Men suffer from the menopause too: they may be disturbed in their sleep by their partner's difficulty in sleeping, they may have to cover up when their wife's hot flashes open the windows in the middle of winter, they risk feeling unfairly rejected because of complaints that can make relationships difficult or even painful.
But what suffers most, as always in interpersonal relationships, is the lack of communication.
Unfortunately, because of the taboo that still characterises the sphere of female sexuality, men not only have difficulty in understanding the needs and criticalities of this feminine phase, but men are often reluctant to face this 'taboo', hiding behind the preconception that it is 'women's business'.
This is partly true and motivated by the fact that this moment of transition - we prefer to define it as a evolutionary phase, which is still little known, frightens them too, as they see themselves as in a mirror.
The chimes of the biological clock, which for women are explicit and inexorable, inevitably also apply to their male counterparts, who tend to flee, sometimes symbolically isolating himself, sometimes, unfortunately, actually.
"Empty nest' or 'Nest too full'?
It should not be forgotten that if we once spoke of "empty nest syndrome" with the feeling of loss and sudden uselessness that women experience when the end of their reproductive years more or less coincided with the moment when their grown-up children took flight,
Today, on the contrary, we could speak of an 'overfull nest': the menopause, with its inevitable discomforts, often comes at a time in life when responsibilities are most onerous, commitments and worries: children, conceived at a later age than fifty years ago, are still in the throes of adolescence or are struggling to find their way, older parents, who live longer, must also be cared for; in many cases this is compounded by the demands of the world of work, at a time that can coincide with the peak of a career.
Slight discomfort or lack of sleep is thus more difficult to cope with.

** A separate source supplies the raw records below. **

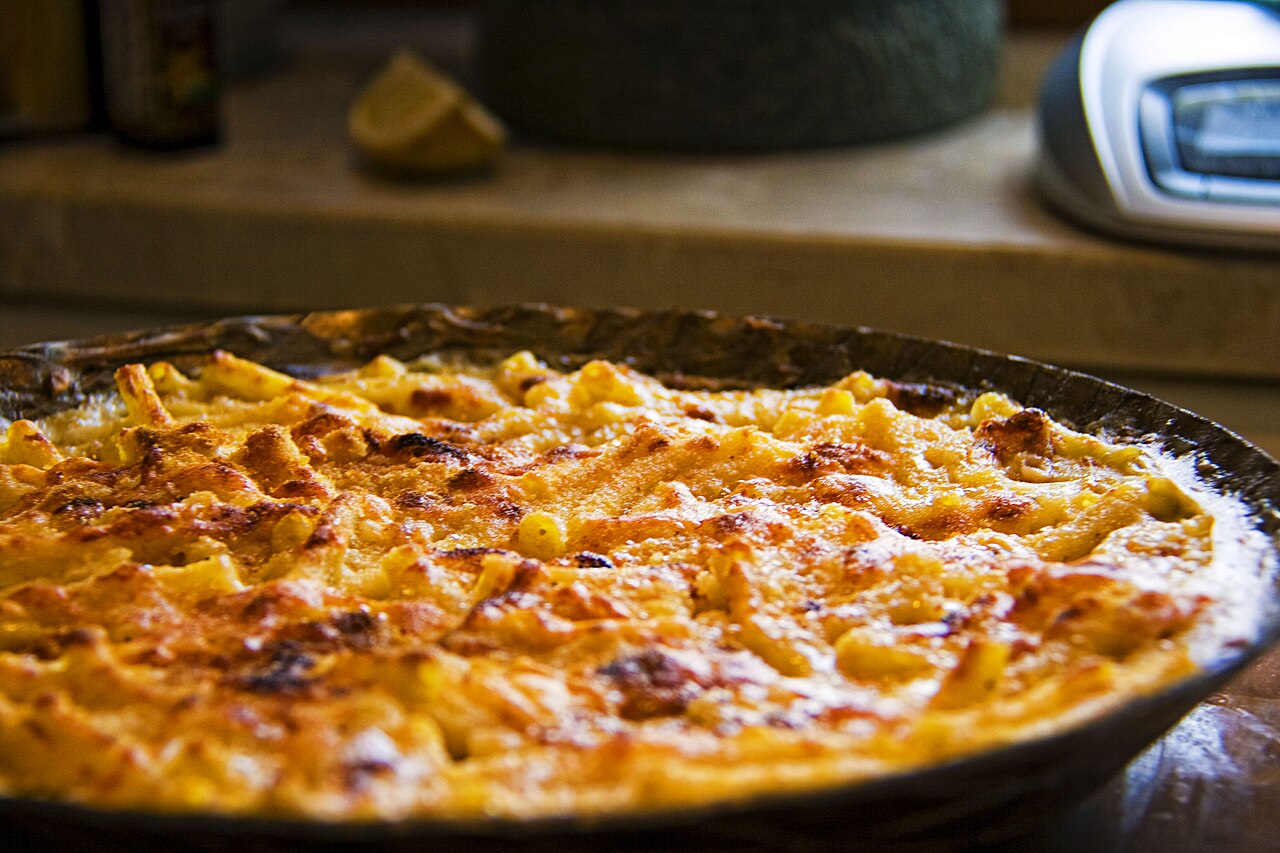 Baked Mac and Cheese
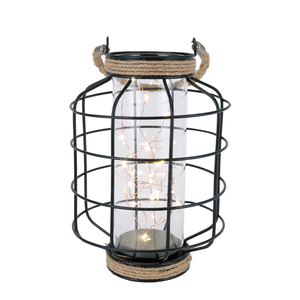 Lampe à batterie LED en métal <span class=keywords><strong>de</strong></span> style <span class=keywords><strong>cage</strong></span> <span class=keywords><strong>de</strong></span> <span class=keywords><strong>Faraday</strong></span> pour la décoration <span class=keywords><strong>de</strong></span> villas, <span class=keywords><strong>de</strong></span> jardins et <span class=keywords><strong>de</strong></span> maisons - Product Image 1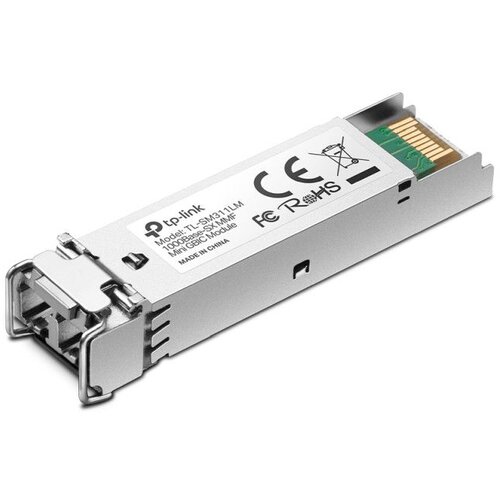 Tp-link TL-SM311LM MiniGBIC SFP modul, multi-mode LC, 850 nm, do 550 m Cene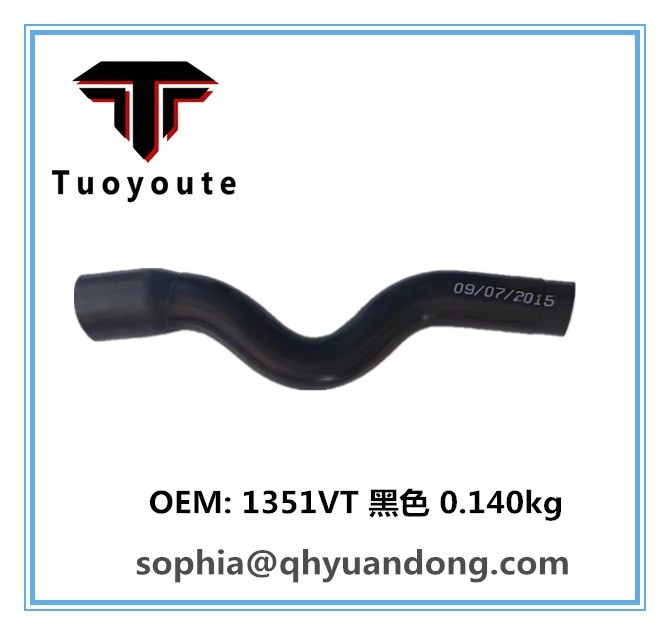 RADIATOR HOSE GM1351VT 黑色 0.140kg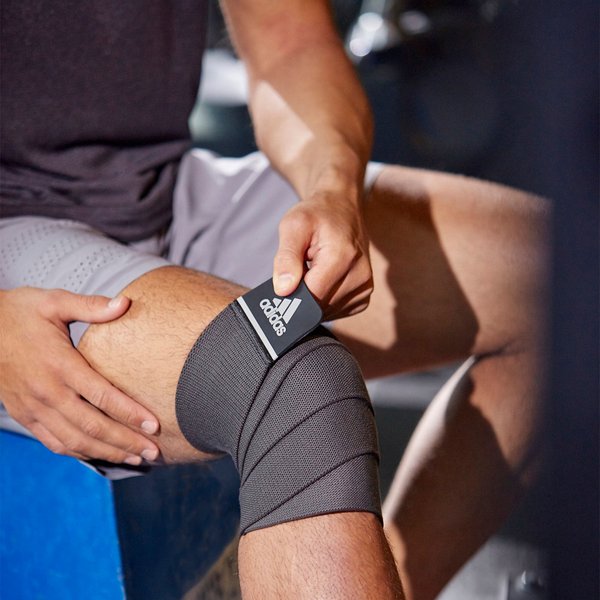 Opaska, taśma wzmacniająca łokieć/kolano Adidas Training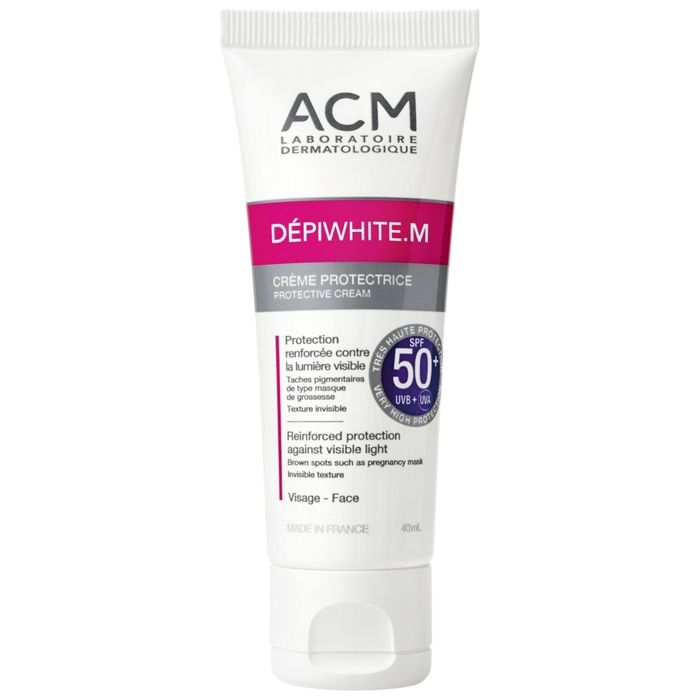Crème protectrice - ACM - Dépiwhite - SPF50+ - 40ml - Hypoallergénique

The forward shift in the social concept of youth, which is now approaching the age of forty, clashes with the unchanging timescales of biology, just around the corner, can be a cold shower not only for those directly concerned, who until recently considered themselves girls, but also for their husbands.
As the strong symbolic value of the loss of a woman's ability to procreate should not be overlooked, the main difficulty for women is that they have to cope with the menopause. the main difficulty facing women in our time is the need to confront the models of youth proposed by society.
An important role is played by partners who are supposed to reassure their companions, who fear of no longer being desirable, may try to hide the first signs of the transformation they are undergoing, or undergo hormone treatment for aesthetic rather than medical reasons, to delay skin and tissue ageing.
A motivation that in no way justifies the risks of treatment.
It is therefore clear that the menopause is not just a women's affair, but something that affects the couple:
"If they were 'solid' just now, they will also be able to cope with this time of transformation, but if there were previous tensions, the risk is that it expands at this moment of change, felt and decoded as a difficulty.
To prevent this from happening, the fundamental weapons are, as always, dialogue and mutual understanding.